The image of a schematic is protected by copyright but not the ideas inherent in the schematic. Someone creating a netlist from your schematic would not be copying the image but would be extracting the information, which would not violate copyright. For that netlist they create a new circuit board and they have a clean product.

In summary, copyright can only protect against use of your circuit board artwork.

If you give it a catchy name that customers attach value to (Arduino) then you have some protection by trademark. They can clone your device but they can’t call it by your trademarked name.

Regarding patents - they can protect clever circuits but if your project doesn’t innovate in some aspect of circuit design you will not get a patent.
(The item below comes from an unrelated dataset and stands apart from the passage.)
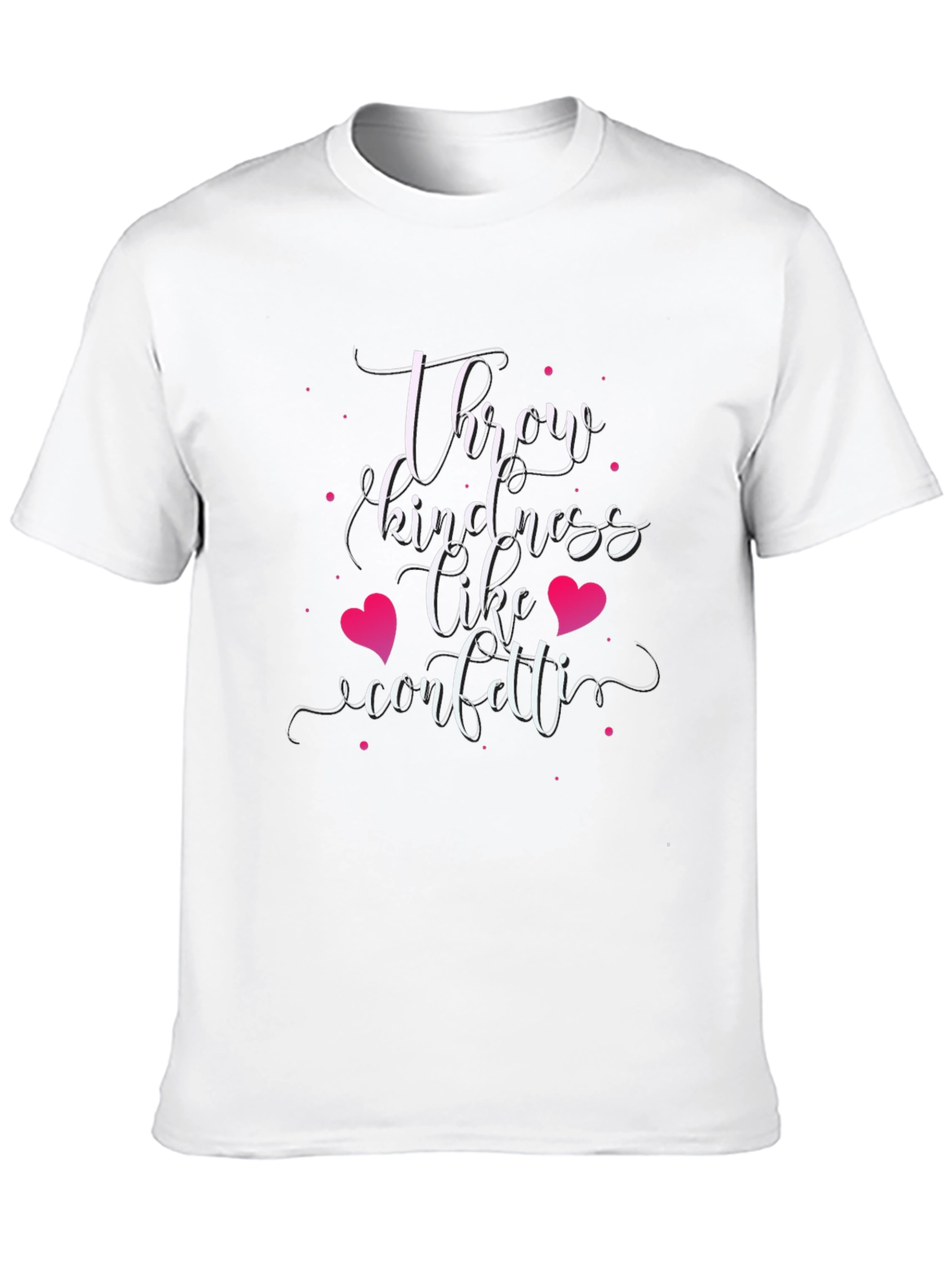 Kindness Confetti Graphic Tee - Soft Cotton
One doesn’t patent a whole project, just novel non-obvious aspects of the project.

  • So a patent would be the only effective way of preventing a third party from selling my circuit (let's say it is an actual innovation and viable) and there are no equivalent licenses that prevent misuse as there are when developing software? Mar 20 at 17:56

If you publish it in a publication that is recognized by the various patent authorities, the invention becomes ineligible for patenting, so you will achieve your objective. (The US has, or had, a 1 year grace period, so you could apply for a US patent up to 1 year after publication; I'm not sure if that's still true.) Only the inventor can apply for a patent. If someone reads your publication and obtains a patent, that patent could be invalidated on the grounds that there is "prior art".

  • 1
    The U.S one year grace period still exists but was weakened in the 2012 AIA law. A third party trying to patent one or more aspects of the OP’s design would not result in a robust patent primarily because they aren’t the inventor, as you point out. Mar 20 at 14:26
  • 1
    Also, patent authorities recognize any publicly available publication in any language at any time in history. Mar 20 at 15:00
  • The original inventor would be unable to obtain a valid patent if the application were submitted after publication (or in the US, 1 year after publication). So it's not just 3rd parties who are barred. Mar 20 at 15:01
  • You are correct about that. Mar 20 at 15:05

You must log in to answer this question.

Not the answer you're looking for? Browse other questions tagged .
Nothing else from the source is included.